I made the comments about what I have seen during my time there to demonstrate what type of facility I am at and to describe the environment I was placed in to "learn". I was taught in class that YOU NEVER pull meds and then hold them to give at a later time. I was taught in class that you take a glucose reading BEFORE giving an insulin injection. I was taught in class that urine on the skin leads to skin breakdown, which can lead to decubitus ulcers. I assumed that almost all other nursing students had been taught the same thing, which is why I mentioned those incidents.

During my time there I have seen great, hard working LPN's and CNA's, and I've also seen crapy, lazy LPN's and CNA's. Just as there are humble BSN nurses, there are also arrogant, big headed BSN nurses. There is no black and white; there are good and bad people EVERYWHERE. That isn't a really hard concept to get a hold of.

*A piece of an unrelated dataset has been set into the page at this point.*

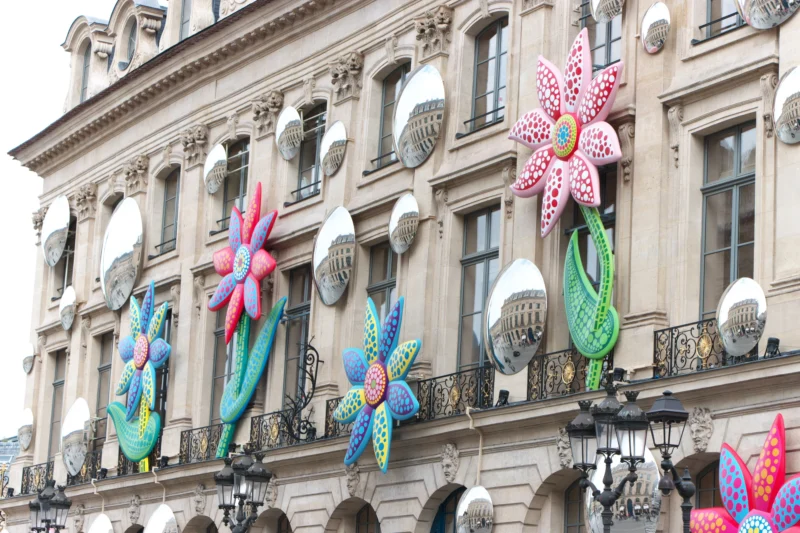 Jean paul · 29/04/2023 · 2400 x 1600 Façade d'immeuble ornée de grandes fleurs colorées en polka dots suspendues entre balcons et lampadaires, ambiance festive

I did not realize that (for some people) I had to spell out every single thought, idea, or incident and then explain my intent behind each remark, but none the less, there it is.

I thank those of you here at the end who spoke up in my defense. I tried to make in abundantly clear from the beginning that I was not trying to insult or degrade anyone. All I wanted was to get a sense of what my fellow nursing students thought and were experiencing. Thanks again!

Warm Regards...

evry person that u trained with is showing you something that u need to know because as a nurse u will have to do all of those duties- i personally think that anyone who is considering becoming a nurse should be made to work as a cna for 3 to 6 mths before being able to begin the semester of nursing school; i can tell you that if u r feeling that way right now, u should go ahead and change your major. Good Luck to u !!

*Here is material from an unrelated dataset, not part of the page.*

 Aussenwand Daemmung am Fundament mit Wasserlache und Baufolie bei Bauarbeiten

Specializes in General surgery ,Vascular, Orthopedic.
Because it is a public forum we all are free to express our opinion. ... . She asked for honest answer and that what i see ppl doing here at least i did in my opinion . You don't agree with the way ppl are expressing themselves ,you call that bickering... i don't . She has the right to vent in her frustration but it is best that she or anyone doing so keep in mind that addressing people on a public forum can be done in a sensitive manner not to offend the readers .Talking about an LPN working 98% passing meds sound to me as if she considering that to be retard or being less of a nurse .That how i took it and was glad to read one of her update giving more respect and realizing that LPN do more than what she first thought , her language was much better this time .While you are asking everyone to try and see things in her view ,i like to add that she or anyone else on these forum need to be aware that not only their view count . But words & statement used can be offensive for some of the fellow nurses especially when it being addressed in a condescending manner .[/quote']

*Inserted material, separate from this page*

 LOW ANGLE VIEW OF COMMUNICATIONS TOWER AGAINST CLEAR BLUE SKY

I am talking about bickering that involves issues that the op did not address as the MAIN point of her post. I say it once more as long as you are adhering to allnurses rules who CARES if she uses OMG in her post, honestly, who?? She is not in a professional setting. And not only should we see things in her view I also said that she should see things in other people's way (that's why I said vice versa). I'm neutral in the situation I see the OP point and I can see other's point. I feel like I've been misunderstood by what I meant with the previous post, and I won't be back to respond to anyone's reply ( not like anyone cares if I'm back or not though lol) because I'm done with particular thread :) Best wishes Fannie's Mom you're almost there!!

You are only crazy if you let it bug you. I am currently in school attending clinical s same as you and it no longer drives me crazy all the BS because I know this is the pretend world where every thing is perfect.Keep in mind the goal of getting the degree with the knowledge you will be able to obtain a job while most college grads cannot.I know for a fact that 90% of what I learn in school will be irrelevant once I start a job in the real world which is when you will receive your real education.Compartmentalize my friend, get the degree, pass the boards then get paid while you begin the education that matters.